Print the lines in the listing below that fall between the line with "Le Skinny de" and the line with "Brooks Drive 3 Pocket Run Bra - Mint Mix", those two lines included, exactly as they stand and with nothing else.

::: PROVIDED INFORMATION :::

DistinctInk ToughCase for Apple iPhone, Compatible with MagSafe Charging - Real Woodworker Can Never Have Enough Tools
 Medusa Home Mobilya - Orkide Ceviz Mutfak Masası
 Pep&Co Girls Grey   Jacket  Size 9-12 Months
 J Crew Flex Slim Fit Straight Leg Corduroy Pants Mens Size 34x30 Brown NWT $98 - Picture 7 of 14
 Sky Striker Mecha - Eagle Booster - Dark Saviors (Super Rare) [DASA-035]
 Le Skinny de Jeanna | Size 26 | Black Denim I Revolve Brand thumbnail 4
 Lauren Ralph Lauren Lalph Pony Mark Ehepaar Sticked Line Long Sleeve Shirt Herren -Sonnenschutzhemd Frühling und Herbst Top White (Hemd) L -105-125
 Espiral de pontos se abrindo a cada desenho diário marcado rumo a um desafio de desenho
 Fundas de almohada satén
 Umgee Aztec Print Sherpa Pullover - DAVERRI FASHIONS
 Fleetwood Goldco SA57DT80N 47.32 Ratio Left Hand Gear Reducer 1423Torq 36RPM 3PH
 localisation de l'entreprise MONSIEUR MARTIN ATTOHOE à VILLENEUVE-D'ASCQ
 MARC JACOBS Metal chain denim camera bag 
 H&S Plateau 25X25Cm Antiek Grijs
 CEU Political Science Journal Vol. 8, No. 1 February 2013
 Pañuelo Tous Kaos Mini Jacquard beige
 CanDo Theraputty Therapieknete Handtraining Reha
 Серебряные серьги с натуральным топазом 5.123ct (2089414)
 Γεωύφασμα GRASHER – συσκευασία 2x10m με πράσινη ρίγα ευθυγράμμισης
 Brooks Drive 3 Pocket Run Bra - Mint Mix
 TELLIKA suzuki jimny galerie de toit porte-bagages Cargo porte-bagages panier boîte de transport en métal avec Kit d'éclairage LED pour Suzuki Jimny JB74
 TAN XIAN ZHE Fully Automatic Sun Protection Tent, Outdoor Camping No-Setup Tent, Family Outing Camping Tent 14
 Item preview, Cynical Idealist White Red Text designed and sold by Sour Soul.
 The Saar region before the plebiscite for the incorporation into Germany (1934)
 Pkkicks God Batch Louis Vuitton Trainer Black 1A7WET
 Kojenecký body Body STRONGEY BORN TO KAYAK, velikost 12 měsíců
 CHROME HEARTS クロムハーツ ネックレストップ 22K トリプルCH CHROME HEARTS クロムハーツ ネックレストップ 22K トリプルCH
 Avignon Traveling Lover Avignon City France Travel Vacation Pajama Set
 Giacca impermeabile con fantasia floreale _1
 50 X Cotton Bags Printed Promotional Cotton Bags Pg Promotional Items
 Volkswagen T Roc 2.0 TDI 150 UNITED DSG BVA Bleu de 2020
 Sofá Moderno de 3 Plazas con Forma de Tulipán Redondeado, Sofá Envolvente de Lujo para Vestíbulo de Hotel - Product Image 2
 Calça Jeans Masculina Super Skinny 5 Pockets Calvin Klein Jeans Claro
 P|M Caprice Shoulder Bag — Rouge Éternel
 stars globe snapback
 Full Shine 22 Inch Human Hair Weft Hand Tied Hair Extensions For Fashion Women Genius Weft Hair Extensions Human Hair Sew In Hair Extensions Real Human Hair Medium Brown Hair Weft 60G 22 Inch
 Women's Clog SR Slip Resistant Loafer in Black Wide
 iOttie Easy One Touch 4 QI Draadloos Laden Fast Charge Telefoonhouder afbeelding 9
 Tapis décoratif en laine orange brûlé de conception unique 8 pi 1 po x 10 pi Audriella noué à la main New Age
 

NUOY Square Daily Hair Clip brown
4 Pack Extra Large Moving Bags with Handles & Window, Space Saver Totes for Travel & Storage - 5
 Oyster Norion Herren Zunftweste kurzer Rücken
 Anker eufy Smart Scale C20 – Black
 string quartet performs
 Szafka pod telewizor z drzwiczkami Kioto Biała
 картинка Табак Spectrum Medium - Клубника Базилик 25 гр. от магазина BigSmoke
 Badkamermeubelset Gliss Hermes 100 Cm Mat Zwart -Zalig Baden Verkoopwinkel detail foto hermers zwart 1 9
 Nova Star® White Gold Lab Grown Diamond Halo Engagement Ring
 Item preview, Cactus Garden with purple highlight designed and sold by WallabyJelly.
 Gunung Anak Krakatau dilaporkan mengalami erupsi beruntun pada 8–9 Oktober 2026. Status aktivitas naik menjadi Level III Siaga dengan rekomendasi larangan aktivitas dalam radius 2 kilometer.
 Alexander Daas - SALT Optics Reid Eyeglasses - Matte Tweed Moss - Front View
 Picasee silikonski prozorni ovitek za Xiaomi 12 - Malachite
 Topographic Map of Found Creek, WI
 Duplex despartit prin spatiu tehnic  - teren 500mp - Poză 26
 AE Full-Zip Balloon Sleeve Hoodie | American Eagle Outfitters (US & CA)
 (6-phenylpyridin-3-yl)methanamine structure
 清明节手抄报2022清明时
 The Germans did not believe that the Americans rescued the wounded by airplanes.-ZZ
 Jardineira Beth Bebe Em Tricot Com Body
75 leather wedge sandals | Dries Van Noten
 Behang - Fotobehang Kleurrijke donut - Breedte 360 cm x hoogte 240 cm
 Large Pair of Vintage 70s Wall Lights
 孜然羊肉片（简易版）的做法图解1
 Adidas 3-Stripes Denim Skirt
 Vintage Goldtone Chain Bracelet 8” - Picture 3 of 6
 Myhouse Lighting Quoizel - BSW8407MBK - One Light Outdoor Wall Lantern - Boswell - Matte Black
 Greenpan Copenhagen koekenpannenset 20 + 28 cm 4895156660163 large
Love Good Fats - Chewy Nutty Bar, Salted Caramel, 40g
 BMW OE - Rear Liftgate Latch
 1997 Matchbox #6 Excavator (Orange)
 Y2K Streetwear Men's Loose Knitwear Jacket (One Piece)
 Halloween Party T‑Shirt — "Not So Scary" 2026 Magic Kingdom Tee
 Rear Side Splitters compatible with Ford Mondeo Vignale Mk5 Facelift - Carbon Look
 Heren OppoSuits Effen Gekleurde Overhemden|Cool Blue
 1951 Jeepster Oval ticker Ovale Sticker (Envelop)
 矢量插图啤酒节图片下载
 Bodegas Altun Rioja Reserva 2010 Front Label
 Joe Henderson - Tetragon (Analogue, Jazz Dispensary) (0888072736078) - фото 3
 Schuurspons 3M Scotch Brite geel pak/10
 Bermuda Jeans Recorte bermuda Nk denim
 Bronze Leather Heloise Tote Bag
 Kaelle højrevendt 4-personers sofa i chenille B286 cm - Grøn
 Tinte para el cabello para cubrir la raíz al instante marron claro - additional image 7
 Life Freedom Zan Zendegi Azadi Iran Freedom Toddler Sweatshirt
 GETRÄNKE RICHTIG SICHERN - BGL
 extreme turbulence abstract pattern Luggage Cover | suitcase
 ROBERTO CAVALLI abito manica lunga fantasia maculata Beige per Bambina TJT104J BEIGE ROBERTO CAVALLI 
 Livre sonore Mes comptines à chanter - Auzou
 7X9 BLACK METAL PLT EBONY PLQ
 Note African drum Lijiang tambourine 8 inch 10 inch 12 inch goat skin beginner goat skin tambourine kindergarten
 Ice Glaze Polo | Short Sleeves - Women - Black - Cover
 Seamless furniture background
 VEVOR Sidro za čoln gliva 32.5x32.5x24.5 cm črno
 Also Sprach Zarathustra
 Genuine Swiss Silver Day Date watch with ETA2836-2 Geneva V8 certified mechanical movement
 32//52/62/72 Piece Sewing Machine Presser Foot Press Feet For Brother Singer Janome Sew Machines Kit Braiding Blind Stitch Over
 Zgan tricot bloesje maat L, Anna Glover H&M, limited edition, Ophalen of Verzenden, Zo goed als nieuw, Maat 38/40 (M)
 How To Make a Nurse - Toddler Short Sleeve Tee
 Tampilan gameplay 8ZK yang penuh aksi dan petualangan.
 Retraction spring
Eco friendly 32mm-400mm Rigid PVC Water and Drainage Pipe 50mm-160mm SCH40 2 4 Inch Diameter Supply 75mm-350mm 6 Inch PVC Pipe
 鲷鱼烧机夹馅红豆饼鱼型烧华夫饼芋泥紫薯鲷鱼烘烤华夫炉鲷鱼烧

:::

> _RESULT_
 Le Skinny de Jeanna | Size 26 | Black Denim I Revolve Brand thumbnail 4
 Lauren Ralph Lauren Lalph Pony Mark Ehepaar Sticked Line Long Sleeve Shirt Herren -Sonnenschutzhemd Frühling und Herbst Top White (Hemd) L -105-125
 Espiral de pontos se abrindo a cada desenho diário marcado rumo a um desafio de desenho
 Fundas de almohada satén
 Umgee Aztec Print Sherpa Pullover - DAVERRI FASHIONS
 Fleetwood Goldco SA57DT80N 47.32 Ratio Left Hand Gear Reducer 1423Torq 36RPM 3PH
 localisation de l'entreprise MONSIEUR MARTIN ATTOHOE à VILLENEUVE-D'ASCQ
 MARC JACOBS Metal chain denim camera bag 
 H&S Plateau 25X25Cm Antiek Grijs
 CEU Political Science Journal Vol. 8, No. 1 February 2013
 Pañuelo Tous Kaos Mini Jacquard beige
 CanDo Theraputty Therapieknete Handtraining Reha
 Серебряные серьги с натуральным топазом 5.123ct (2089414)
 Γεωύφασμα GRASHER – συσκευασία 2x10m με πράσινη ρίγα ευθυγράμμισης
 Brooks Drive 3 Pocket Run Bra - Mint Mix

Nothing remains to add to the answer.